##### INFORMATION PROVIDED

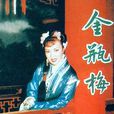 金瓶梅(8VCD) 金瓶梅(8VCD)
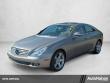 Used 2006 Mercedes-Benz CLS-Class  Sedan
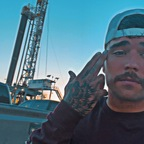 Elponcho @ppuddlepimpp Leaked OnlyFans 

 profile picture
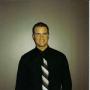 James Maier Photo 28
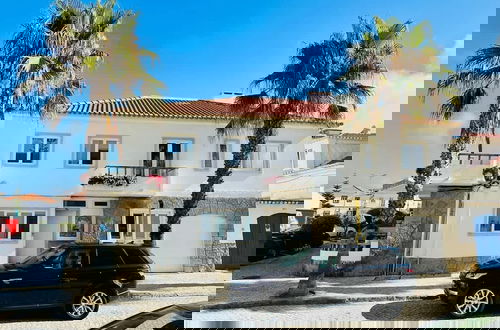 Foto 6 - Luxury Ocean View House - Central Ericeira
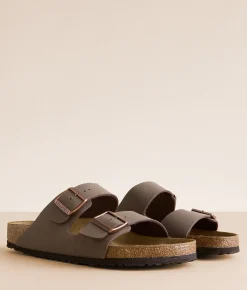 Activewear|Shoes | Birkenstock® Arizona Sandal Mocha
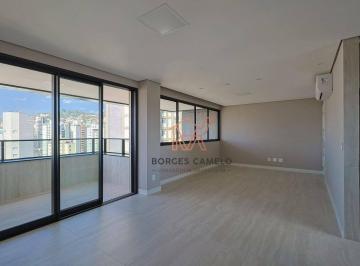 500909f956ef44cc4ef9487daa12fb712a15c5f4 · Apartamento 4 quartos para alugar, 13,6 m² por R$ 13.500/mês - Cruzeiro - Belo Horizonte/MG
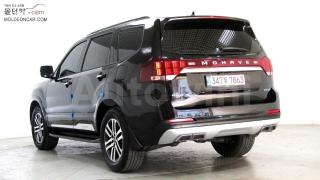KNAKM814DMA223125 2021 KIA THE MASTER 4WD DIESEL PLATINUM-3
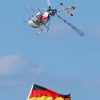 6. Hubschrauber Meeting Flugmodellclub Offenbach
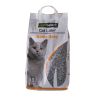 Agriselect Basic Grey Kattenbakvulling Kattenbakvulling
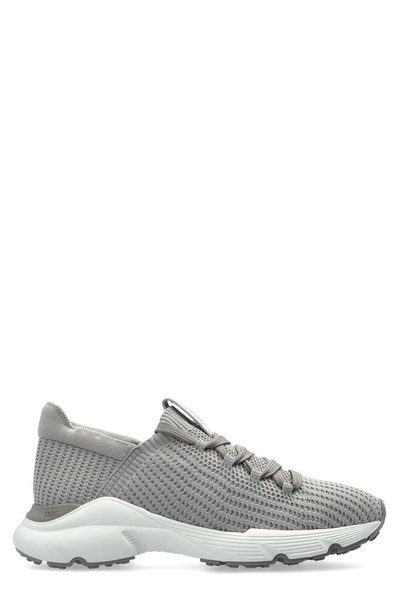 Tod’s Sneakers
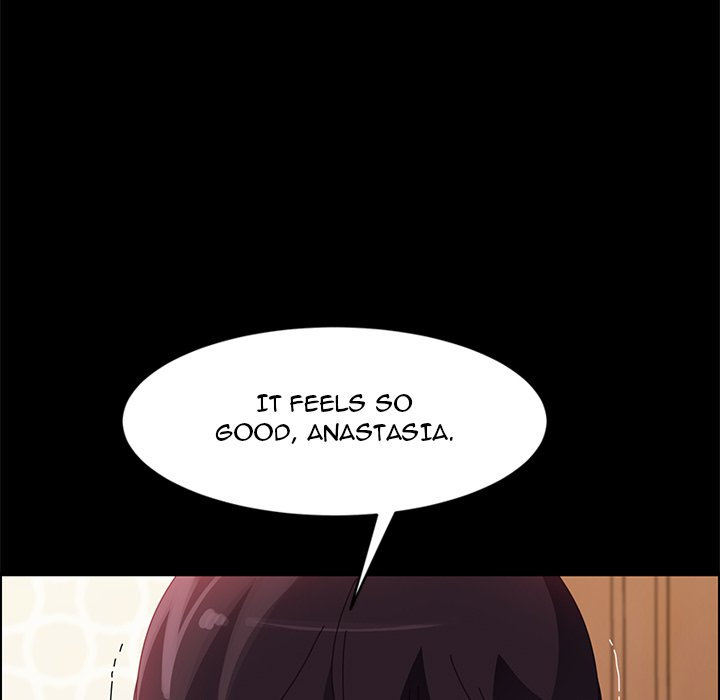 The Assistant Chapter 40 - Manhwa18.com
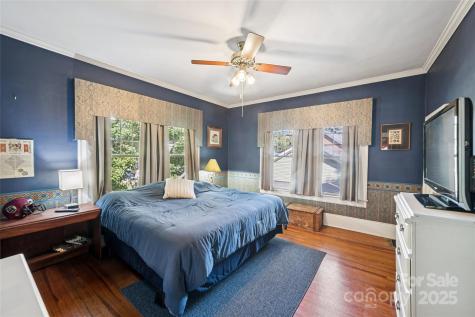 311 W 6th Avenue Gastonia NC 28052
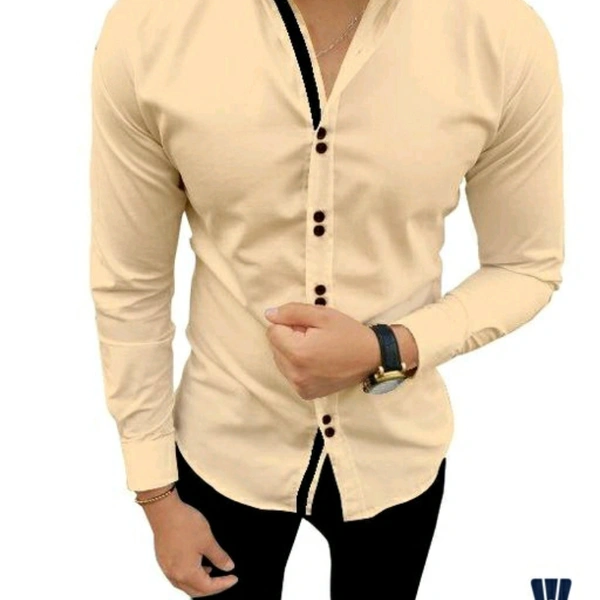 Classy Fashionable Men Shirts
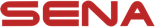 Sena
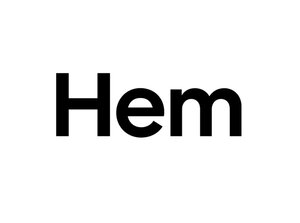 Hem Design Studio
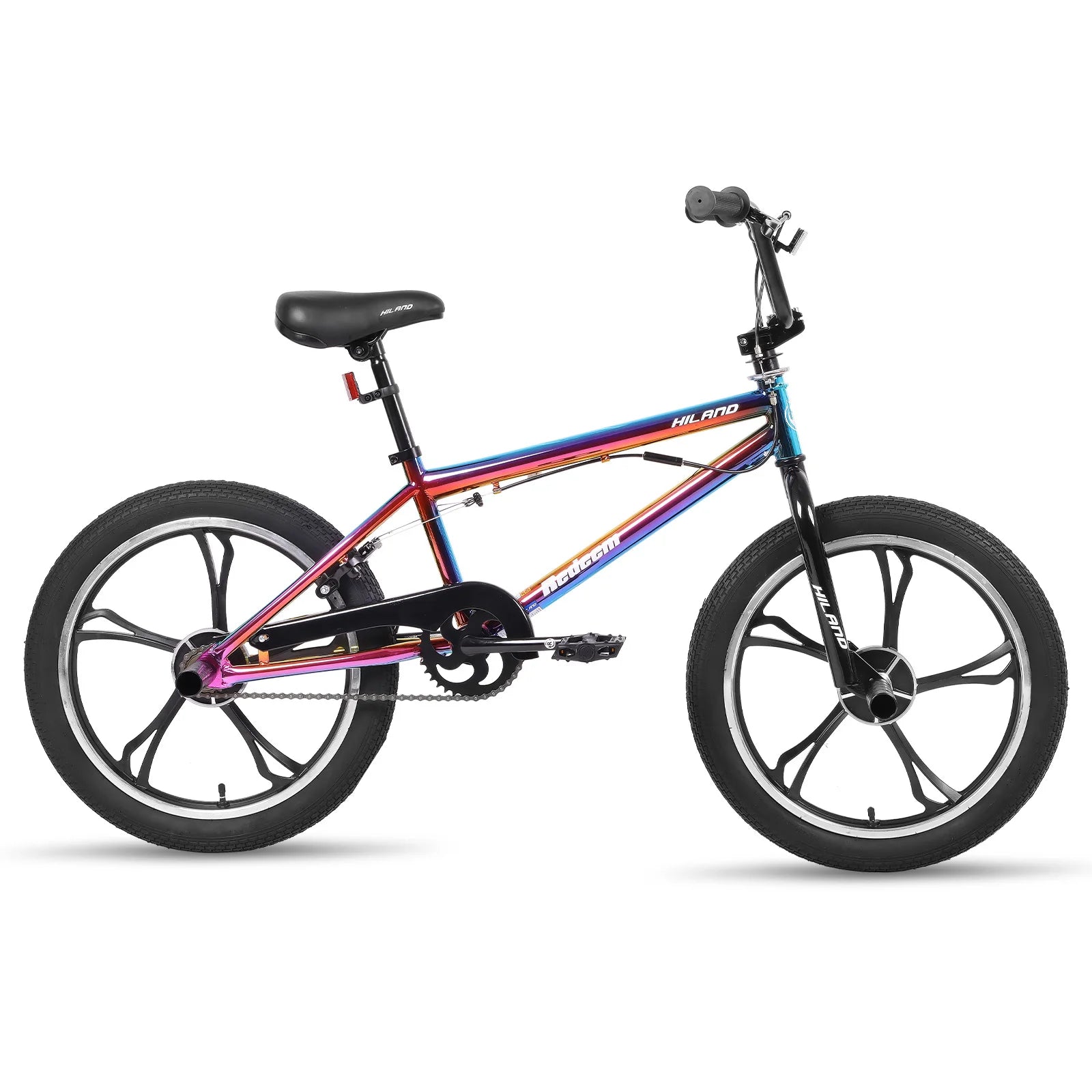 Kid’s BMX Bicycle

##########

### ACTIVITY
Repeat the lines of the records verbatim, starting at the line containing "311 W 6th Avenue Gastonia NC 28052" and stopping after the final line. Images stay out.

### OUTPUT
 311 W 6th Avenue Gastonia NC 28052
 Classy Fashionable Men Shirts
 Sena
 Hem Design Studio
 Kid’s BMX Bicycle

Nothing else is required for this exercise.